Experimental Design
This study combines a belief elicitation experiment (BEE) with longitudinal data to recover caregivers’ subjective beliefs on returns to investments, and compare them to the objective technology of skill formation. The BEE is designed to elicit caregivers’ beliefs about the returns to key inputs in children’s maths development: educational expenditures, parenting styles, and child skills. In addition, the design allows us to study beliefs about the timing of investments by distinguishing between inputs made in early childhood and early adolescence, as well as to assess whether the perceived returns to investments varies across caregivers.
We will assign respondents to four treatment groups. In each arm, belief scenarios will consist of a short description of a hypothetical adolescent child and her parents, followed by a set of situations that vary along three dimensions: the child’s skills, parental monetary investments, and parenting styles. In two treatment arms, parental monetary investment in the child’s education will be fixed at levels made during early childhood (age 5) and adolescence (age 13) (high or low, depending on the arm), with variations in child initial skills and parenting style (as typically exerted at home during the same periods), one at a time. In the other two treatment arms, parenting style exerted during the different periods of childhood will be fixed (authoritarian or authoritative, depending on the arm), while child initial skill level and parental monetary investments (made during the same childhood periods) will vary, one at a time. For each situation, caregivers will be asked to report the age at which they believe the hypothetical adolescent will be able to correctly master two numeracy questions, an intermediate and a more advanced one, which are our marker of maths skill development in adolescence.
Importantly, we can observe the same maths questions object of the BEE as part of our longitudinal data. Indeed, the two questions were chosen as markers of "intermediate" and "more advanced" maths skills by studying their difficulty levels in previous waves of the longitudinal dataset by using item response theory (IRT). Among a pool of potential maths items in this survey, we then picked item that had the desired level of difficulty and that seemed understandable as "intermediate" and "more advanced" by parents in Ghana. To describe the hypothetical child’s initial skill, we use a similar approach, where we describe "a low skills child " as a child that can only solve easy numeracy items at age 5, and "a high skills child" as one that can solve both easy and medium difficulty items at age 5.
We will use the experimental variation embedded in the scenarios to estimate a subjective skill formation function that summarises parents’ beliefs about how inputs translate into child skill development. The experimental design will identify average perceived returns to each input, as well as differences in perceived returns across the different investment periods. As the sample is embedded in a rich panel data, we will use several available information, including the randomised assignment to both early childhood and adolescence interventions, and socioeconomic characteristics (e.g. parental education level), to explore heterogeneity by these characteristics. We will also explore heterogeneity by sex of the hypothetical child in the scenario.

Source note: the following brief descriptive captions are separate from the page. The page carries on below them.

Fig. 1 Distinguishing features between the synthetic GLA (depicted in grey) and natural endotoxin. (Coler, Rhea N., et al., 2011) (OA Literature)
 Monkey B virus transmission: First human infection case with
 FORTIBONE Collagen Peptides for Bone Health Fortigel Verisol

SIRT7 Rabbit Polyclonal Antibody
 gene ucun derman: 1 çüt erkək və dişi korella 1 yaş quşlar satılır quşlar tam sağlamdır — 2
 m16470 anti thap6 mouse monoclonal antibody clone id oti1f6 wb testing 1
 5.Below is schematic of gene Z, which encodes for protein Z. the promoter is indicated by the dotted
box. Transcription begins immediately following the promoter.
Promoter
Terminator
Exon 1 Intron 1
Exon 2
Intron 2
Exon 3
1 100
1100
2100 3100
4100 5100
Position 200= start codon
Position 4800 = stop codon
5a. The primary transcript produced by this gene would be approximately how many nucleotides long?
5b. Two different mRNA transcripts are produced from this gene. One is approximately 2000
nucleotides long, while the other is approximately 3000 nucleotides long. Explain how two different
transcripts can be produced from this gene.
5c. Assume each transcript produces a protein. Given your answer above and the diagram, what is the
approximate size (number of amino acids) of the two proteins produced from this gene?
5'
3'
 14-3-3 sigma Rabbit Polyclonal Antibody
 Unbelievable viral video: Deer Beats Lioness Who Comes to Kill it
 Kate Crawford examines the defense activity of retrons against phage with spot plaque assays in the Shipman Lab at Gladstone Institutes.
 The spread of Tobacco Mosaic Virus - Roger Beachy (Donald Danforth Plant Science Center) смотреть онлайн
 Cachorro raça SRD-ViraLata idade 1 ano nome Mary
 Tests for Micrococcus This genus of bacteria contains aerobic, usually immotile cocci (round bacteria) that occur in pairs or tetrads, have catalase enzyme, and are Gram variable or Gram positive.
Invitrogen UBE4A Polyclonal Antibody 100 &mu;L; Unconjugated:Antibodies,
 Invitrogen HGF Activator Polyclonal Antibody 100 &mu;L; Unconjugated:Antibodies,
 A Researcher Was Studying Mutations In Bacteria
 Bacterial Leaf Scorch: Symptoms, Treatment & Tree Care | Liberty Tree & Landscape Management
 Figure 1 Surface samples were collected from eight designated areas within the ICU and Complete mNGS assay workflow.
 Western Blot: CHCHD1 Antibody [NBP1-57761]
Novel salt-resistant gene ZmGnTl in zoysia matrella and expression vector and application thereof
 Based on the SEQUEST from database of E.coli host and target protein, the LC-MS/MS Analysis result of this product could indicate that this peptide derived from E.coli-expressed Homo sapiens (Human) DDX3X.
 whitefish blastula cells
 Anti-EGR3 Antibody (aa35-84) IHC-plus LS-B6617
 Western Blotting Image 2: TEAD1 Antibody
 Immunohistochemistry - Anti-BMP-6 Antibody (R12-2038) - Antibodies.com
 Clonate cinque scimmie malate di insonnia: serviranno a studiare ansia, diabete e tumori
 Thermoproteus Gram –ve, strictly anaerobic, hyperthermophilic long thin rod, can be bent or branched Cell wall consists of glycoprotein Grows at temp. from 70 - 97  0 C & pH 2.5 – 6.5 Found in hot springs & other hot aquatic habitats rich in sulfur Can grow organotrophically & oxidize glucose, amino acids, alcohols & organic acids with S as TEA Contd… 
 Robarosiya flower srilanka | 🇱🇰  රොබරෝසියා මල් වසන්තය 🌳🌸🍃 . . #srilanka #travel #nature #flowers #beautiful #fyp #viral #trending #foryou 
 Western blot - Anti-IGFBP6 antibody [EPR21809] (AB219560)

We also aim to shed light on why parents might differ in their beliefs about the productivity of parental investments and parenting styles made during different child periods. To do so, after the BEE, we will administer survey questions about parental beliefs on the malleability of children’s skills and adaptability of parenting styles across child developmental stages. We will use this information to investigate whether perceived returns vary based on the individual responses.
To compare estimated subjective beliefs against the true skill formation process, we will estimate an objective skill formation technology using multiple waves of longitudinal data. We will use comprehensive information collected over time on actual parenting behaviors (to proxy parenting styles) and parental investments. When recovering the parameters of the objective technology of skill formation, we will address endogeneity of parental investments using an instrumental variable and/or control function method (Attanasio, Meghir & Nix, 2020).